Ariat’s Denim Glossary: Our Complete Guide to Denim

Discover everything you need to know about denim with Ariat’s complete guide and glossary. From how the iconic fabric is made to the anatomy of jeans.

We’ve all got that one favourite pair of jeans, but what makes them so special? We’re here to unpick our favourite material with a complete guide to denim, including defining common denim terminology with a glossary of terms.

What is Denim?

Denim is an incredibly durable material, made from a cotton or cotton blend twill weave, giving it it’s diagonal ribbing pattern. The material is one of the most popularly worn due to its versatility and hard-wearing characteristics.

How is Denim Made?

To create the denim fabric, two types of thread are used. The weft thread, and the warp thread. These are woven together over a loom to create the fabric we all know and love. 

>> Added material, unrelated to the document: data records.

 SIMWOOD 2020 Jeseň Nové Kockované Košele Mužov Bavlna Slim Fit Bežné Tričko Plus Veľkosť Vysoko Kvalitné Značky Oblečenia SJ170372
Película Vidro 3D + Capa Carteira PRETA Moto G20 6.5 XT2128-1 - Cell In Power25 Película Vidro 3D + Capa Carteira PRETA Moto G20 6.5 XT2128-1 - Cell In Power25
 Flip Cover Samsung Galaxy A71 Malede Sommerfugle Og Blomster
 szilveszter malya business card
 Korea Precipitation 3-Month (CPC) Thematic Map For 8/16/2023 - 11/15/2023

Warp thread: these are the threads that run horizontally and stay static as the weft thread is woven over and under. They are stronger but softer than the weft threads, and most commonly dyed indigo. 

Weft thread: these are the threads that are woven crosswire to the warp threads, and most commonly have no colour. 

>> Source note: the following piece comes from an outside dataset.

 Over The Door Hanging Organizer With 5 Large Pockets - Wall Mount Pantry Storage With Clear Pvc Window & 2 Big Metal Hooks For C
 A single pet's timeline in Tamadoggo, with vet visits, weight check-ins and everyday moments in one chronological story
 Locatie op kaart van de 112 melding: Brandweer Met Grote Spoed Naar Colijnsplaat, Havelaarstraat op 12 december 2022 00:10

Loom: this is an industrial machine that holds the warp fabric tight and under tension whilst the weaving process occurs.

Types of Denim

Raw denim: is completely untreated and hasn’t gone through any washing or shrinking processes. Instead, it’s taken straight from the loom. It is a dark blue colour, but the colour tends to fade with washes. Because it’s been untreated, the fabric is stiff and durable, often used by workers.

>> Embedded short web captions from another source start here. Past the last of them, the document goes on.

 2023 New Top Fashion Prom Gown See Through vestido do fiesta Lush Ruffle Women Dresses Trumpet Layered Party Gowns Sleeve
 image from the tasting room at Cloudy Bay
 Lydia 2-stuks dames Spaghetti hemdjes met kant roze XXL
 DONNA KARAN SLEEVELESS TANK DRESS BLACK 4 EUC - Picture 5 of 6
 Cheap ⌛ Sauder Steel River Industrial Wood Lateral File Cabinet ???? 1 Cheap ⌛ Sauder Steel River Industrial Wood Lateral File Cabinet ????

Indigo dyed denim: is denim that was washed in the popular indigo colour in production. The warp thread is dyed indigo whilst the weft thread is left white, resulting in the classic blue jean colour and the lighter inside. 

Colour dyed denim: is denim where the threads are soaked and dyed particular colours to allow for black, white, pink, and multi-coloured jeans. Selvage denim: or ‘self edge’ denim is characterised by finished edges that don’t fray. Selvedge is a different way of weaving, and it is arguably more exclusive and unique, as well as more durable. Because of this, it is often suggested to be of higher quality. The finished selvedge is rare to find and is particularly desirable to denim afficionados. 

Acid wash denim: is scrubbed with chlorine or washed with chemical acids to get the unique look. 

Stone wash denim: is when pumice stones are used to remove colour and abrase the surface of the denim. 

Crushed denim: is denim that is purposefully wrinkled in the process of making a garment. These wrinkles are permanent and don’t fall out when washed. 

Ecru denim: is undyed denim, characterised by the natural creamy colour of cotton. 

Poly denim: is when poly-cotton fibres are used within the weaving process, and it is often much softer. Stretch denim: is when a material like Lycra, or similar, is woven into the fabric to get the stretch. 

Bull denim: is made from 100% cotton. Bull denim is typically very sturdy and tough. 

Organic denim: is denim made with cotton that has been grown and produced without any chemicals.

The Anatomy of the Jean

Tack button: is the two-piece button, made up of the button and the tack, that allows you do up your jeans at the waist. 

Jean zip: is the zip at the front of the jean that allows you to do up your jeans and undo them to slip them easily over your hips. 

Rise: is the distance between the top of the waistband and the middle of the crotch seam. The rise is typically high-rise, mid-rise, or low-rise. See also our unique ‘Perfect Rise’ styles. 

Coin pocket: is the small pocket that sits inside the regular scoop pocket.

Rivets: are the small, circular metal parts on a pair of jeans, often found around the pockets, and used to strengthen the parts of jeans that might be more susceptible to ripping or tearing. 

Bartacks: are small zigzag stitches used to reinforce areas susceptible to ripping or tearing, like pockets and belt loops. These often replace rivets. 

Seam: is where two or more pieces of fabric are joined. On a pair of jeans, you have the inner and the outer seams that run down the length of the leg. 

Hem: is the seam at the bottom of the jeans, around the ankle. Jeans can be hemmed to shorten the leg by cutting the excess fabric, folding the fabric, and sewing the hem up. 

Belt loops: are the loops of fabric around the waist, designed to thread a belt through. 

Yoke: is the V-shaped section at the back of the jeans, just below the waistband, which gives the jeans their curve. The deeper the yoke, commonly also known as the rise, the more curved the jean. 

Leather patch: is the rectangular leather piece of material that is sewn to the waistband.